Why you should care
Because blindly trusting “science” can be dangerous.
A young man sat for a self-portrait engraving, pulling open his shirt to reveal his skin: His face was black, as was his torso, except — and this was the draw — for a large white patch. His pants were rolled up too, revealing half-white, half-black legs. Below the resulting 1803 etching, which has found new life on the Internet, it reads “The Wonderful Spotted Indian.”
His actual name was John Boby and, like a bearded lady or a strongman, he traveled throughout England in the late 1700s and early 1800s as part of a freak show-like circus. Boby wasn’t just any old attraction: He was an oddity used to try to figure out why people had particular skin colors. It sounds crazy now, but many scientists back then believed race was based on the climate in which people lived, the theory being that if you take people out of their normal climate, their complexions would change within 10 to 12 generations. Slaves transplanted to America or England, for example, would one day be white, and Boby was held up as an accelerated example of this transition.
Abolition at that time could be very much anti-slavery, but still very much anti-Black.
Rana Hogarth, assistant professor, University of Illinois at Urbana-Champaign
Between the 1780s and the early 1800s, most Americans and Brits thought race was determined by environment and diet. The idea was so common that it was “the soup” in which they swam, according to Katy Chiles, associate professor at the University of Tennessee, Knoxville. Discussions of race often turned into fights about slavery and citizenship. Anti-slavery activists at the time, like Thomas Clarkson and Benjamin Rush, used the idea that race could change to assert that slavery should be abolished, while others used it to justify the slave trade. The darkest truth of all? “Abolition at that time could be very much anti-slavery, but still very much anti-Black,” says Rana Hogarth, assistant professor at the University of Illinois at Urbana-Champaign, referring to the fact that many abolitionists were eager to believe Blackness could go away.
The child of Black Jamaican slaves, Boby was born in the 1770s with a skin disorder now known as vitiligo, which causes white spots. When Boby was a few months old, his master called him “the greatest curiosity in nature he ever saw,” William Granger wrote in an account of Boby’s life. People in Kingston soon heard about the curiosity and began paying 10 shillings to see Boby when he was just 2 years old.
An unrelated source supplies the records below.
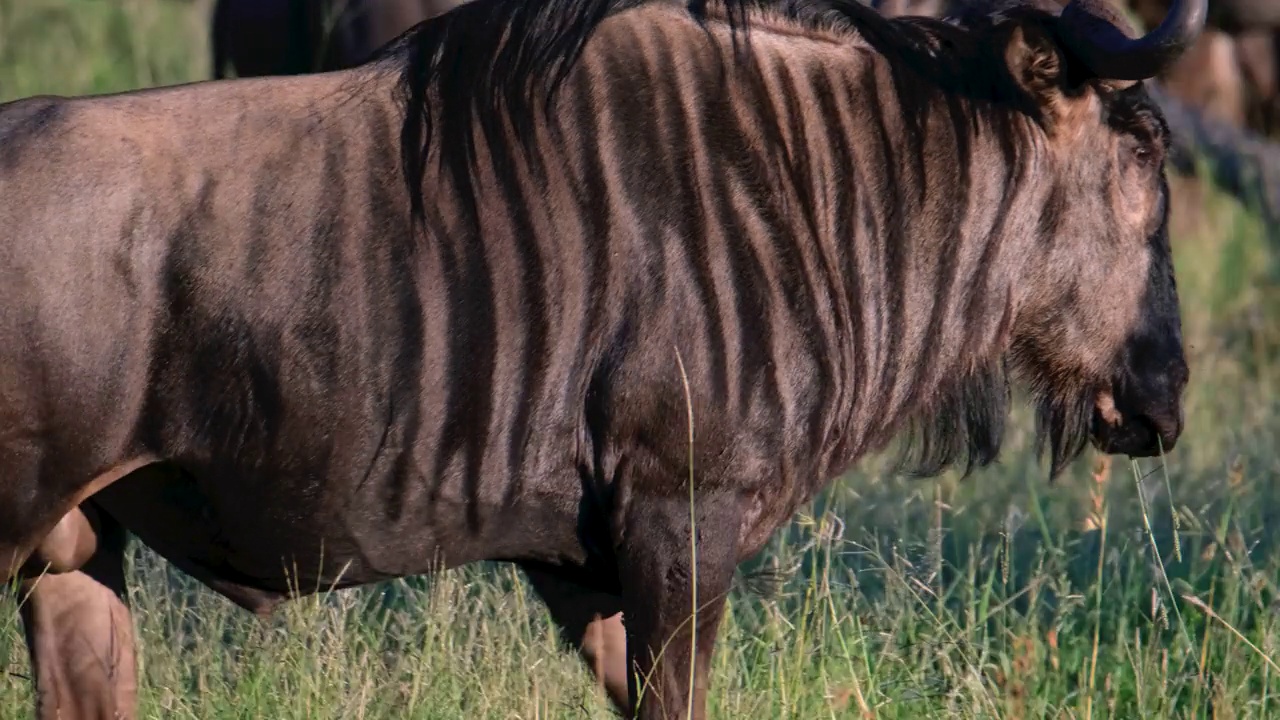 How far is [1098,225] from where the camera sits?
3178 mm

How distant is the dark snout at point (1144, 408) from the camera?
131 inches

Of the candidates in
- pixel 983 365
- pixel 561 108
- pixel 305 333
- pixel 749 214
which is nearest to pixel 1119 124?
pixel 983 365

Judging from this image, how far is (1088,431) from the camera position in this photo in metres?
3.43

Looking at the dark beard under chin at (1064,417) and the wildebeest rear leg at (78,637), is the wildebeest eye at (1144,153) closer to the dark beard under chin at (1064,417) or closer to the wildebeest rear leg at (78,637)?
the dark beard under chin at (1064,417)


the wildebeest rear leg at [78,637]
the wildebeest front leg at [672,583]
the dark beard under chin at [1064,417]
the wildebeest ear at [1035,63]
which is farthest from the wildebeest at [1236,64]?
the wildebeest rear leg at [78,637]

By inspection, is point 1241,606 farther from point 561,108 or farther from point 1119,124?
point 561,108

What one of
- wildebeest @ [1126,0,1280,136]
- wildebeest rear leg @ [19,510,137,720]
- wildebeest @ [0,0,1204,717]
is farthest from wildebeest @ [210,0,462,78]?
wildebeest @ [1126,0,1280,136]

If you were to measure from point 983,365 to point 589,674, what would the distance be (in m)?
0.96

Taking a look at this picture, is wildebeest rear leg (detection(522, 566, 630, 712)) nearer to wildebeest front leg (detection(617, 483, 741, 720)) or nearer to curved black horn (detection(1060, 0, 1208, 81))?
wildebeest front leg (detection(617, 483, 741, 720))

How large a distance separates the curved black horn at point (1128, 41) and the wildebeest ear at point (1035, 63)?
0.12 feet

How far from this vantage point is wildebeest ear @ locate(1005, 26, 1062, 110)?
3.12 meters

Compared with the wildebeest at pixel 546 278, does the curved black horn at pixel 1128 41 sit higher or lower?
higher

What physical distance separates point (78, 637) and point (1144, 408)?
1.95 metres

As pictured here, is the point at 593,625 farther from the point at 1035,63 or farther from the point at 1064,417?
the point at 1035,63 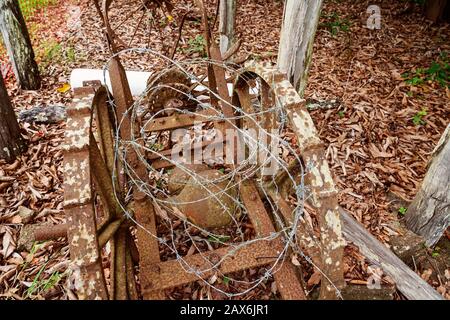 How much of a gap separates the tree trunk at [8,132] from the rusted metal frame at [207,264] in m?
2.37

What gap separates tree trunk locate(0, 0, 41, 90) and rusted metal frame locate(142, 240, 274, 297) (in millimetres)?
3600

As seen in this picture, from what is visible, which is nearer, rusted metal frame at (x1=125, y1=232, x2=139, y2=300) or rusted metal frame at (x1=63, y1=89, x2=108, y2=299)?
rusted metal frame at (x1=63, y1=89, x2=108, y2=299)

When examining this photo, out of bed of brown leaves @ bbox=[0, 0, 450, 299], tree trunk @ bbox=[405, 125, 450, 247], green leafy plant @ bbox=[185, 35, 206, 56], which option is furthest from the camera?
green leafy plant @ bbox=[185, 35, 206, 56]

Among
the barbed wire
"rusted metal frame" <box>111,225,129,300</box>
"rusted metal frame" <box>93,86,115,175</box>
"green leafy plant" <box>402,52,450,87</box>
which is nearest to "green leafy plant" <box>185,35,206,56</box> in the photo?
the barbed wire

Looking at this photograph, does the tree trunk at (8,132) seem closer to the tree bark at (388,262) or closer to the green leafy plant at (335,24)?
the tree bark at (388,262)

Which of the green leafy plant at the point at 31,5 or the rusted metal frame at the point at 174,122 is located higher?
the green leafy plant at the point at 31,5

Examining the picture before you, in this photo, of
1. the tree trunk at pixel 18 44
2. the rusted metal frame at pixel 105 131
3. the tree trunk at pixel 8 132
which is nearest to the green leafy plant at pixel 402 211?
the rusted metal frame at pixel 105 131

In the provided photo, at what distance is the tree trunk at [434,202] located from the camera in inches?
106

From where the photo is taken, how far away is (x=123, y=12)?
6.50 m

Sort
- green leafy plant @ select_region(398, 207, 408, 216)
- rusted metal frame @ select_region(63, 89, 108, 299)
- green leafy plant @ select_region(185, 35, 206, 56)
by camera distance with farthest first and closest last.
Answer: green leafy plant @ select_region(185, 35, 206, 56)
green leafy plant @ select_region(398, 207, 408, 216)
rusted metal frame @ select_region(63, 89, 108, 299)

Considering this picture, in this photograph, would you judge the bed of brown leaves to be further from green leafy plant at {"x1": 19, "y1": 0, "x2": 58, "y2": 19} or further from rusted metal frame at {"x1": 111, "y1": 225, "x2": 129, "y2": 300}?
rusted metal frame at {"x1": 111, "y1": 225, "x2": 129, "y2": 300}

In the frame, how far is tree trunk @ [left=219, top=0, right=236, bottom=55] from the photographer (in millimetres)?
4438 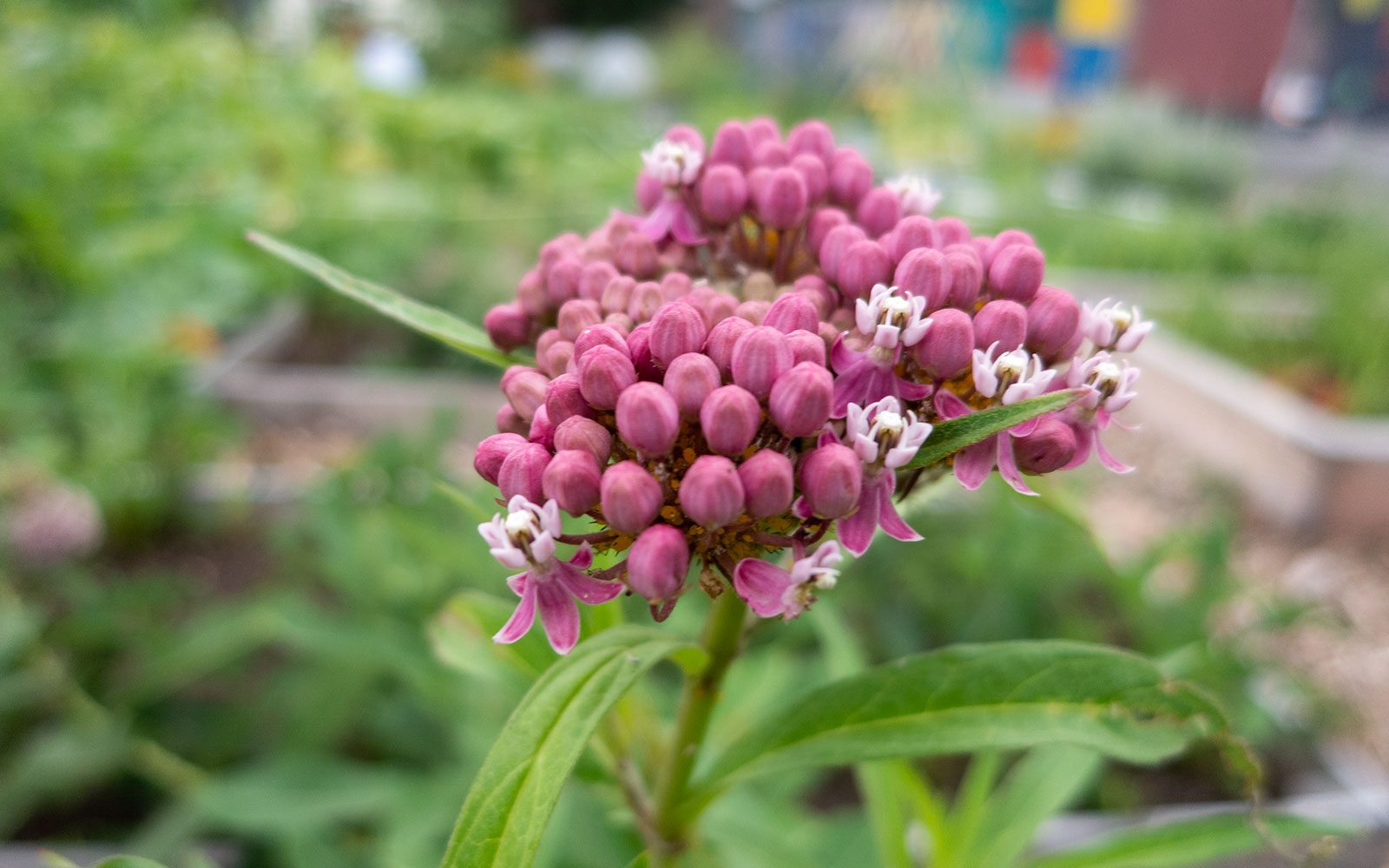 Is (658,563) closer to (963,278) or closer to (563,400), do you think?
(563,400)

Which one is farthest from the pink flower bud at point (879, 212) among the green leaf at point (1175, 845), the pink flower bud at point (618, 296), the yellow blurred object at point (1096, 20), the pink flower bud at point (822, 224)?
the yellow blurred object at point (1096, 20)

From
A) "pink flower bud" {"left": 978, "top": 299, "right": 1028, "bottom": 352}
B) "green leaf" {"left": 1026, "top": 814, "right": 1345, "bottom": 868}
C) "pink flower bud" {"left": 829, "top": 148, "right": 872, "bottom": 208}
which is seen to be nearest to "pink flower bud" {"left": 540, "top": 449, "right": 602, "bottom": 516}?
"pink flower bud" {"left": 978, "top": 299, "right": 1028, "bottom": 352}

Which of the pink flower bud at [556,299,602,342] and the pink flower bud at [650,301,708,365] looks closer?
the pink flower bud at [650,301,708,365]

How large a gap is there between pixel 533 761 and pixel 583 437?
0.22m

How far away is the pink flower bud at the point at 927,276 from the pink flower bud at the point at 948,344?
32 millimetres

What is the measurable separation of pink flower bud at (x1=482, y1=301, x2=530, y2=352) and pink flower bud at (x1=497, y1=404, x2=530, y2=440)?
101 millimetres

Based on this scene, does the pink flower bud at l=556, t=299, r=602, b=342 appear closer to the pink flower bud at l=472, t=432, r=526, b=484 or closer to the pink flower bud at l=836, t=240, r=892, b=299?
the pink flower bud at l=472, t=432, r=526, b=484

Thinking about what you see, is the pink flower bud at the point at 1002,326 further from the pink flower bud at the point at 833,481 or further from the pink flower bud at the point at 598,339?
the pink flower bud at the point at 598,339

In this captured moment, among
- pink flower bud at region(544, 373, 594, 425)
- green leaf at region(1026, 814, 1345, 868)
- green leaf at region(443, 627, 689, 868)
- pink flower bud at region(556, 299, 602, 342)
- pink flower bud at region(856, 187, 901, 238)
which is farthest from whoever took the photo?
green leaf at region(1026, 814, 1345, 868)

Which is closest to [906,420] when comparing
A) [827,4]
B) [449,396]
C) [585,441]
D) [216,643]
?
[585,441]

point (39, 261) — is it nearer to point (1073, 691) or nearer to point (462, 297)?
point (462, 297)

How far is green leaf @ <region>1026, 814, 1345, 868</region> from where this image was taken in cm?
96

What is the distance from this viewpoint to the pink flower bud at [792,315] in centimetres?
67

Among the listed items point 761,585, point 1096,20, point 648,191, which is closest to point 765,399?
point 761,585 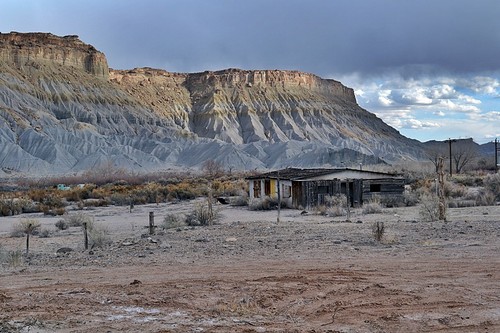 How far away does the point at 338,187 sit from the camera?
38281mm

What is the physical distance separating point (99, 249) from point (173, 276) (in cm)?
603

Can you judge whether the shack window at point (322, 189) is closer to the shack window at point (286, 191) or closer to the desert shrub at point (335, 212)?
the shack window at point (286, 191)

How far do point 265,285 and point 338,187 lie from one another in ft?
90.3

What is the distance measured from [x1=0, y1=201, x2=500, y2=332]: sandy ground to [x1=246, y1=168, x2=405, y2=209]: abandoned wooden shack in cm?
1768

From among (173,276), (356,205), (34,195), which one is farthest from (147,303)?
(34,195)

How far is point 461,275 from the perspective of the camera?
39.1ft

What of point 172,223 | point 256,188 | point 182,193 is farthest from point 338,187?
point 182,193

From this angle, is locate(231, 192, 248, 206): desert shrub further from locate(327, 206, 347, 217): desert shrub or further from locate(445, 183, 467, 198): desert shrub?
locate(445, 183, 467, 198): desert shrub

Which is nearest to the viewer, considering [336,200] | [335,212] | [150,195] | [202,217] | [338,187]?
[202,217]

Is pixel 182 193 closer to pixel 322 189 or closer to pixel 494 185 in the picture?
pixel 322 189

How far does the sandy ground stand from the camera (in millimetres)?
8844

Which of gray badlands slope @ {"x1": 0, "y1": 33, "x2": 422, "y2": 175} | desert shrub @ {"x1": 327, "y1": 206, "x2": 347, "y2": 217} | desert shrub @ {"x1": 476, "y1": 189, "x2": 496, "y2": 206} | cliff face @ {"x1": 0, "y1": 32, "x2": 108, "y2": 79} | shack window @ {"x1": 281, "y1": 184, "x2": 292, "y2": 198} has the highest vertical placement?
cliff face @ {"x1": 0, "y1": 32, "x2": 108, "y2": 79}

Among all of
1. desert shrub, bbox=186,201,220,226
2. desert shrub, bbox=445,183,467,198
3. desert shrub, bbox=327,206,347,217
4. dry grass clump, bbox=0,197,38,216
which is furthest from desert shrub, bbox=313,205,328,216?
dry grass clump, bbox=0,197,38,216

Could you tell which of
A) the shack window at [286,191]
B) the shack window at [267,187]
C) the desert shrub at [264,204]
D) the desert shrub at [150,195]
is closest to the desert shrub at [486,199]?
the shack window at [286,191] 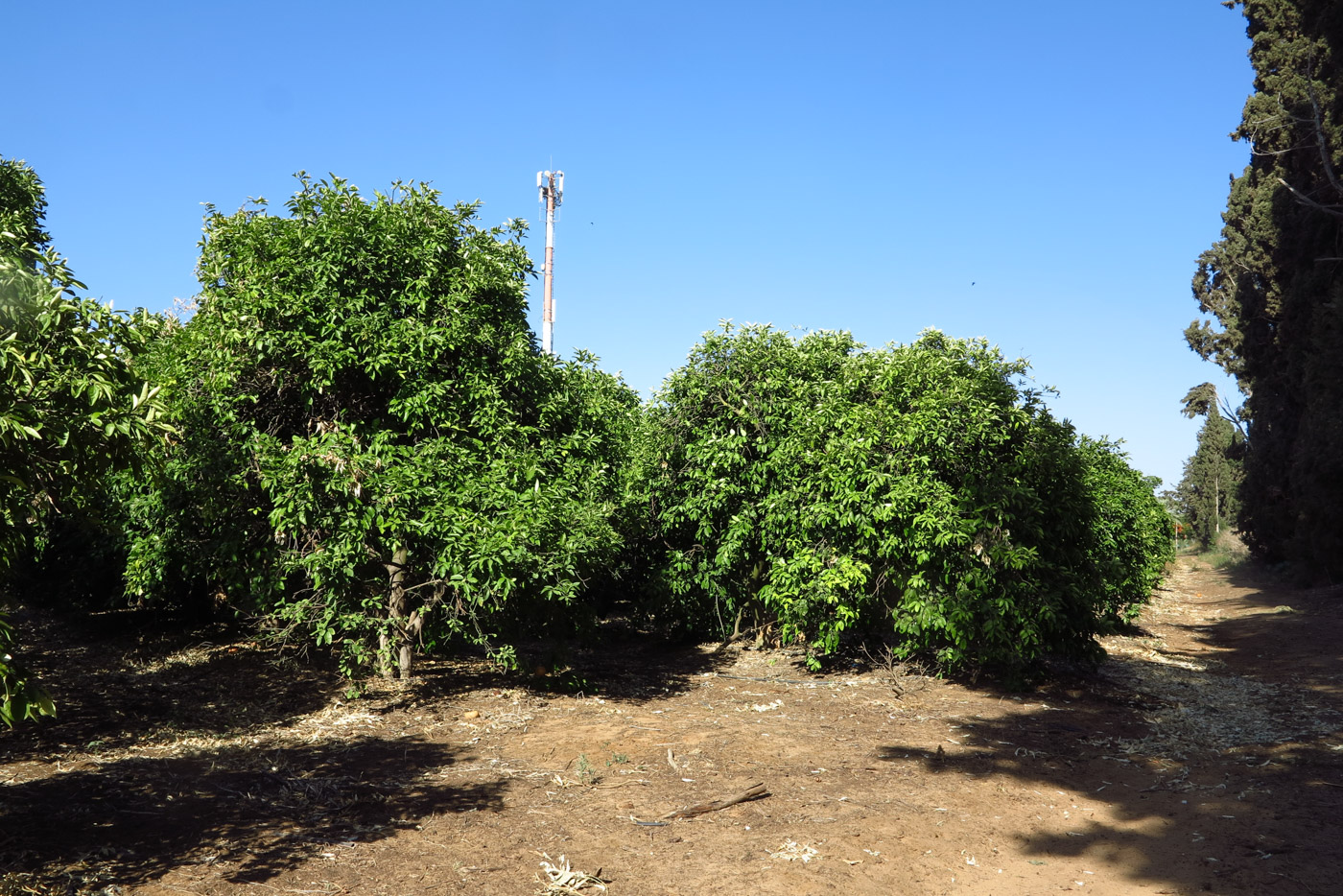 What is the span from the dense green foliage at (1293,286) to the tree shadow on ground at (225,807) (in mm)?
18214

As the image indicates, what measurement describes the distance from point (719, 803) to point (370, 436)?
483 centimetres

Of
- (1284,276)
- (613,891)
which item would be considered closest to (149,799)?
(613,891)

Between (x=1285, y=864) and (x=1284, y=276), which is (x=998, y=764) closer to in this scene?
(x=1285, y=864)

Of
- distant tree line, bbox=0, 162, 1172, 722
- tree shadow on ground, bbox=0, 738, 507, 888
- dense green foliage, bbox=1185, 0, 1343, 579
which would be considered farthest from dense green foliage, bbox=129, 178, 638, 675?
dense green foliage, bbox=1185, 0, 1343, 579

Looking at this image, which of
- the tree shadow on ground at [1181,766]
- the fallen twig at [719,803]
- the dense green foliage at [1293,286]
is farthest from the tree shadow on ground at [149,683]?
the dense green foliage at [1293,286]

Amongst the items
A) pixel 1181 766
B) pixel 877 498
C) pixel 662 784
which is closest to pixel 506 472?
pixel 662 784

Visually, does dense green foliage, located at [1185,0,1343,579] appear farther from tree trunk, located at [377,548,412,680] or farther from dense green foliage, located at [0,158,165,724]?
dense green foliage, located at [0,158,165,724]

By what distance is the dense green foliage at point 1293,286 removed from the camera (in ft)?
65.9

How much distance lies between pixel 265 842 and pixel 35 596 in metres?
11.1

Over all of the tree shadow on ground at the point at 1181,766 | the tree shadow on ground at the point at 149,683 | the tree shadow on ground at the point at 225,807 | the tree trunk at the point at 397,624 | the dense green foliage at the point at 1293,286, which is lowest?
the tree shadow on ground at the point at 1181,766

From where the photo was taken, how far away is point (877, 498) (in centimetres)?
1012

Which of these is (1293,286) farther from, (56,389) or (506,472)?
(56,389)

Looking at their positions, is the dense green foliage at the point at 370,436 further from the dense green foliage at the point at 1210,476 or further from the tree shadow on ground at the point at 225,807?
the dense green foliage at the point at 1210,476

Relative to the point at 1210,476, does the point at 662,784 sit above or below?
below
When Boby was not even a teen, his master’s son arranged for him to be sent to Liverpool, England, where he was baptized, sold to a showman and then exhibited. British spectators sometimes rubbed his skin patches to make sure they weren’t painted on. “People didn’t have a way to make sense of him because he didn’t fit their categories,” says Roxann Wheeler, associate professor at Ohio State University and author of The Complexion of Race.
As a young man, Boby resented his inferior treatment, once remarking as he went up for sale, “I can’t stand that; I will not be sold like the monkeys.” He was sold nonetheless. Later in life, with his indenture up, he was a freeman and earned a living by exhibiting himself. Exhibits were popular in England, featuring dwarfs, giants, dancing bears, animals with multiple heads and various other anomalies. Watching people was entertainment — twisted and voyeuristic, but so-called good old-fashioned fun.
Before Boby, there was a girl with mottled pigmentation named Mary Sabina, born in the 1730s in Cartagena, Colombia, whom prominent scientist Comte de Buffon claimed supported his theory that skin color could change. And Virginian Henry Moss, a contemporary of Boby’s, had uneven skin pigmentation that baffled medical professionals who aspired to learn how to “remove Blackness,” Hogarth says.
Over time, the idea that race could be changed with climate — one of the earliest forms of eugenics — fell out of fashion. Progress? Sure, but in its place arose physiognomy, the judging of character based on facial characteristics. Johann Kaspar Lavater’s skull studies, with their emphasis on “proper” facial angles, took on a life of their own and hardened racial ideologies in England and the U.S. Through the 1800s, they formed the basis of countless racist opinions, and by the 1840s and ’50s, “racist science was firmly in place,” Chiles says.
Are we so different now? Today, a physiognomy 3.0 of sorts runs rampant: Studies show that people take one look before generalizing others’ personalities and intelligence levels. Expressions like a “face you want to punch,” “resting bitch face” and “honest face,” for example, illustrate how prone we are to judging books by their covers. And while some research suggests that these snap generalizations can often be accurate, inevitable misunderstandings and historical examples of misplaced “science” should serve as cautionary tales.